Ricardo Gareca não esconde o sonho de dirigir a seleção de seu país. "Eu me preparei para dirigir a seleção", afirma.

A chance poderia ter vindo há um ano, quando ele ficou sem contrato no Peru e Jorge Sampaoli deixou a seleção argentina depois do Mundial na Rússia. Naquele momento, o treinador esperou um contato que, segundo ele, não veio. "Meu país não falou comigo, ninguém me falou oficialmente. E dado o tempo que passou é muito difícil que aconteça novamente como aconteceu depois do Mundial. Meu contrato com Peru venceu e a Argentina decidiu despedir o Sampaoli. A Argentina estava sem técnico e eu estava sem contrato. E ninguém falou comigo."

Mesmo tendo o nome frequentemente ventilado para o comando da equipe argentina, Gareca ressalta que há pouca chance de isso acontecer no momento.
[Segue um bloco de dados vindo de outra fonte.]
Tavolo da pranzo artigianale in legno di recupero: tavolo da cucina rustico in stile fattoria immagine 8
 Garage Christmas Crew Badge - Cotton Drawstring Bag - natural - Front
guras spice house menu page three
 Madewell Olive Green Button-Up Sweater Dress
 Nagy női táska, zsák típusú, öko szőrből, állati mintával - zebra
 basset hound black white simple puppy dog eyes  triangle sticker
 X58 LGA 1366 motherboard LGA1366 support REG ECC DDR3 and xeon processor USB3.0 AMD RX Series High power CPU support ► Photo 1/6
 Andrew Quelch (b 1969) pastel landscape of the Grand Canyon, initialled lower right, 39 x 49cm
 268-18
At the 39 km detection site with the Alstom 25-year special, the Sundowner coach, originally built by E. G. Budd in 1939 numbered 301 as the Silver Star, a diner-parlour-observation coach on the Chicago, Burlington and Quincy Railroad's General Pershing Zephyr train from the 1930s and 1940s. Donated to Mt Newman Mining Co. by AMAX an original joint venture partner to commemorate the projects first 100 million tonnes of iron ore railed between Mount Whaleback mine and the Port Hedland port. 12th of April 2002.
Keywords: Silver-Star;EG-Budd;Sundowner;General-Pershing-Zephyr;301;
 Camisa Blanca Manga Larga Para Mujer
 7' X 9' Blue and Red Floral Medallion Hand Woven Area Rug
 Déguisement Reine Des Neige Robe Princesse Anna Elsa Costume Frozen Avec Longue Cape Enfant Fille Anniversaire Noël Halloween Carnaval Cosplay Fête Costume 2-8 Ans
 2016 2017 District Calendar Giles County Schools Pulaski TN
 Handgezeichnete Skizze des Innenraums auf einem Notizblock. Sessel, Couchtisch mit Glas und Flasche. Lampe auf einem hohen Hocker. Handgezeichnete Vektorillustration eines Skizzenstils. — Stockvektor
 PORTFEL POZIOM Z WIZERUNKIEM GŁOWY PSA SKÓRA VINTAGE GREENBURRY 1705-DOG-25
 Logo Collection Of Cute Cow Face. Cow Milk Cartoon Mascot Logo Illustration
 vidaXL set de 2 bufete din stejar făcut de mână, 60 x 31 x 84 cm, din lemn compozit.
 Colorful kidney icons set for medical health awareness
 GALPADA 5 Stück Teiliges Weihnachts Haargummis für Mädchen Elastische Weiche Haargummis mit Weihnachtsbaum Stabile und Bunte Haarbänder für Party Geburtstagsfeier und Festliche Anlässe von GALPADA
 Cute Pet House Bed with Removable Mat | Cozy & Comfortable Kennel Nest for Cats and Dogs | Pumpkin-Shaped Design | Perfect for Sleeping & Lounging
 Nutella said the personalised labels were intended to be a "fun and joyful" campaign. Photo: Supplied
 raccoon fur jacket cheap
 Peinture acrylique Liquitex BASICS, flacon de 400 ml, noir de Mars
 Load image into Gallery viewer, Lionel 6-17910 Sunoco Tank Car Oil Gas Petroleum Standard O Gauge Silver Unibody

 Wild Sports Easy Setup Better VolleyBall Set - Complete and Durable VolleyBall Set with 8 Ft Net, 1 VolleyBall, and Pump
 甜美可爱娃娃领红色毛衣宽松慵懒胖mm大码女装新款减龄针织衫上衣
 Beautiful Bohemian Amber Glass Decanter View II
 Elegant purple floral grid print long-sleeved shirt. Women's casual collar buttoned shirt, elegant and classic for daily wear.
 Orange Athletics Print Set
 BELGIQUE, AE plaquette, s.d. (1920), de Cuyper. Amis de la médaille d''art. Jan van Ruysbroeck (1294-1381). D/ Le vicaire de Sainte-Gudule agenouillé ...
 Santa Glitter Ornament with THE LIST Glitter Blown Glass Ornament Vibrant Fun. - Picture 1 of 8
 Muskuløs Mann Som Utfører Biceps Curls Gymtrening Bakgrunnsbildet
Seu vínculo com o Peru foi renovado há um ano. "Agora é muito difícil porque tenho contrato até 2021 e eu não rompo os contratos da minha parte. Para que se dê um ponto de encontro entre mim e a Argentina é muito difícil. Eu tinha que ficar sem trabalho e a Argentina sem treinador. Se saísse do Peru e a Argentina me chamasse, sim, eu consideraria."

Cesar Greco/Agência Palmeiras/Divulgação

Saudade da família e da picanha brasileira

Vivendo há cinco anos como expatriado, Gareca sente falta de sua família, que vive na Argentina, e eventualmente viaja a Lima para visitá-lo e ver o Peru jogar. Ele também se lembra com saudade dos momentos em que viveu no Brasil, mesmo com os altos e baixos na vida profissional.

Se o Peru tem uma das cenas gastronômicas mais celebradas do mundo, o treinador argentino sente falta de um item especial no cardápio: a picanha brasileira.

Ele fecha os olhos ao lembrar das idas às churrascarias e por um momento esquece da rivalidade que separa brasileiros e argentinos no que diz respeito ao modo de preparar a carne. "No Brasil se come muito bem. A picanha do Brasil é muito boa, comi bem. O pouco tempo que tive lá, apesar de não ganhar no futebol, passei bem", brinca ele.